El gobierno estadounidense confirmó que representantes de Israel y Líbano se encontrarán en la capital italiana durante los primeros días de agosto. El encuentro, pactado para el período del 4 al 6 de ese mes, busca avanzar en un complejo proceso de desescalada en la zona limítrofe meridional del país árabe.

## Avances que impulsan la agenda
La diplomacia norteamericana destacó que esta nueva ronda de diálogo técnico surge tras gestiones concretas en terreno y la reciente entrevista en la Casa Blanca entre Donald Trump y el mandatario libanés Joseph Aoun. Según el Departamento de Estado, el impulso actual se debe al funcionamiento inicial de las áreas experimentales de retiro militar y al intercambio que ambos presidentes mantuvieron en Washington la semana anterior.
El esquema conocido como «Marco Trilateral» —que vincula a Estados Unidos, Israel y Líbano— constituye la base sobre la cual se construye esta iniciativa. Desde su puesta en marcha, se implementaron espacios de transición en el sur libanés donde las fuerzas israelíes ceden posiciones paulatinamente mientras el Ejército de ese país asume responsabilidades, todo bajo monitoreo estadounidense.
## Desafíos en la mesa de negociaciones
Entre los objetivos centrales del encuentro romano figuran la ampliación progresiva de estas zonas de transición, la consolidación del repliegue de contingentes israelíes y el fortalecimiento del despliegue de tropas gubernamentales libanesas. Washington entiende que este mecanismo permite que el Estado libanés recupere jurisdicción mediante la verificable neutralización de organizaciones armadas, además de generar clima de confianza mutua.

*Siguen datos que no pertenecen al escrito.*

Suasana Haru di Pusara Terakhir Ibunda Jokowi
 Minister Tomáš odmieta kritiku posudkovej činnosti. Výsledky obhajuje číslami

Para Aoun, la culminación del retiro de fuerzas extranjeras resulta imprescindible para restaurar la plena soberanía nacional y consolidar el entendimiento sellado el pasado 26 de junio en territorio estadounidense. Aquel pacto estableció lineamientos para la coordinación de medidas de seguridad, incluyendo la retirada escalonada de posiciones israelíes, el despliegue de militares libaneses y la creación de instancias de prevención de conflictos.
No obstante, el camino hacia la estabilidad enfrenta resistencias. Hezbollah, calificado como grupo terrorista por múltiples países, repudió el acuerdo tripartito y confirmó que no formará parte de la delegación que viaje a Italia. A pesar de esta ausencia, la administración estadounidense mantiene su respaldo al proceso y considera que la expansión de las zonas piloto contribuye a reducir tensiones y brindar mayor previsibilidad a ambas orillas de la línea divisoria.